Here we have another of my attempts to space out climaxes. Sazed’s character climax—the first, and perhaps most important of his climactic chapters—comes here after Spook’s climax, but before the book really begins to end. I hope I squeezed this into the right place.
Before I talk about Sazed’s revelation, however, let’s do a few notes. First off, Spook is alive. Yes, I let him live. He earned it, for one, and for another, there is something very important he still needs to do. You’ll see.
Either way, I think—with the number of viewpoint characters I’ve killed in my books—that I’ve earned the right to have someone survive a very dangerous situation like Spook went through.
Also, as a note, Alendi was an Allomancer, as the epigraph notes here.
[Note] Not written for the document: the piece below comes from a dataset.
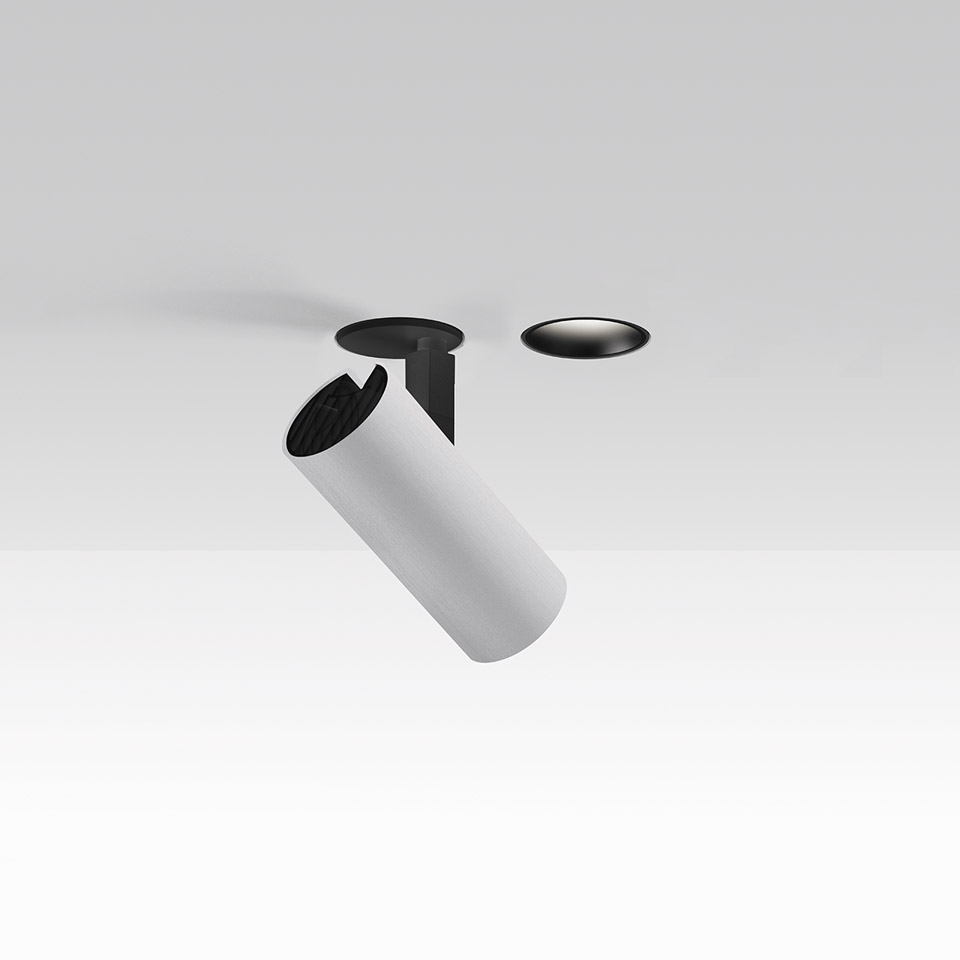 Artemide Vector Recessed spotlight: white cylindrical body tilted downward with black trim, shown with separate flush ceiling plate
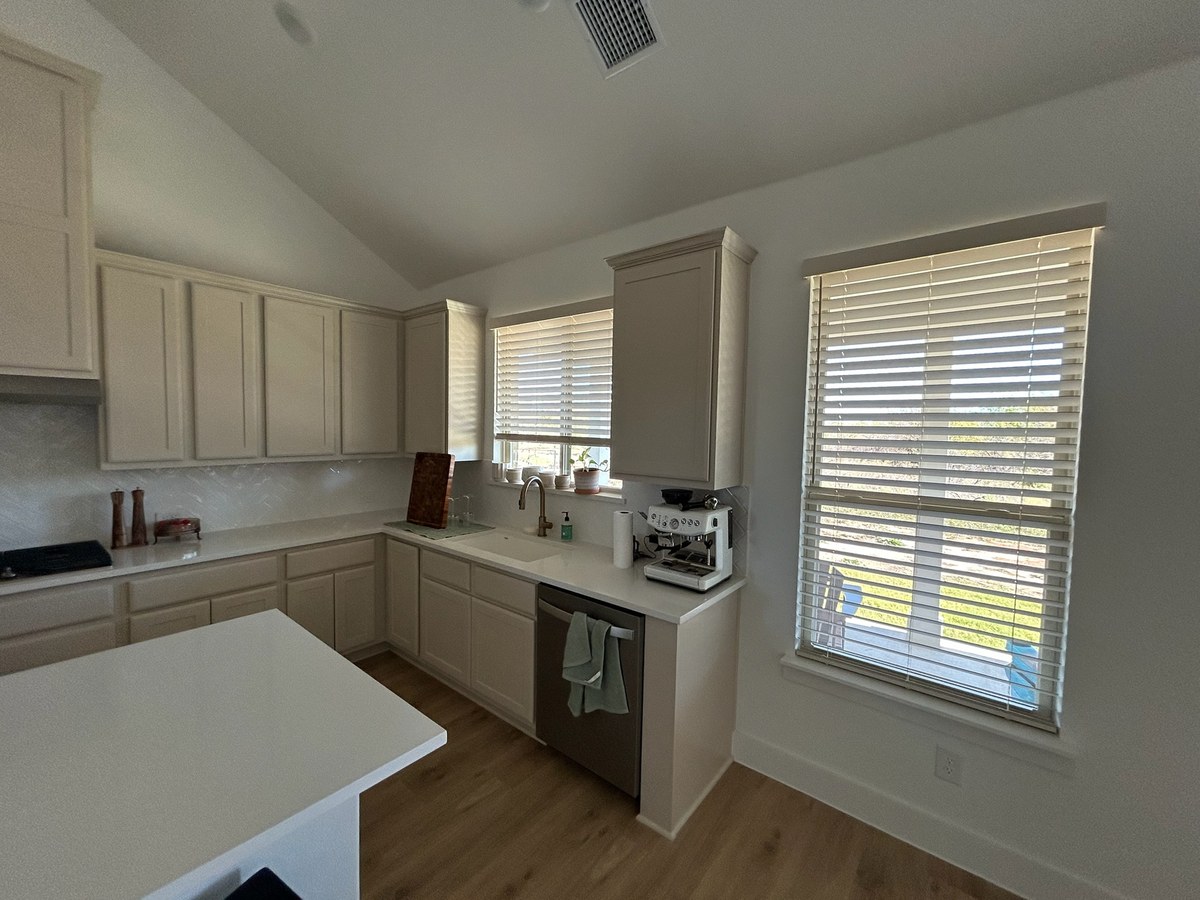 Faux wood blinds in a kitchen by Love Is Blinds Georgia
He had to be—he heard the pulsing at the Well of Ascension when nobody else could. “Ah,” you might say, “but I thought that you said Allomancy didn’t exist before those beads.” That isn’t 100% true. The legends say that Allomancy came with the Deepness. Alendi was one of the very first Allomancers, and he gained his powers as the mists began to cover the world.
Because, of course, he was Snapped by the mists, like is happening to people in this book.
Sazed’s Character Climax
It’s both fascinating and worrisome for me to write about religion. As a religious person, it’s not my goal in these books to insult those who don’t have a religious belief themselves. However, I find faith—my own included—to be a fascinating thing, worthy of study and introspection.
And so I write in characters like Sazed, who think about these things and wrestle with them. He voices here some of my own frustrations and fears regarding religion. It is hard to believe, sometimes, in the face of some of the terrible things that religion has done in the world. The rationalization required for faith is sometimes difficult to justify.
But, on the other hand, I have seen beauty, peace, and love brought by religion. I have seen and felt things that seemed miracles to me at the time. Do I discard that?
I feel faith is important. Or, at least, it is to me. And so we have Sazed’s struggle. There is a lot more to come; I didn’t give him an easy answer in the form of the Terris religion. (Though I hope the reader is expecting one, as I always like to surprise you.)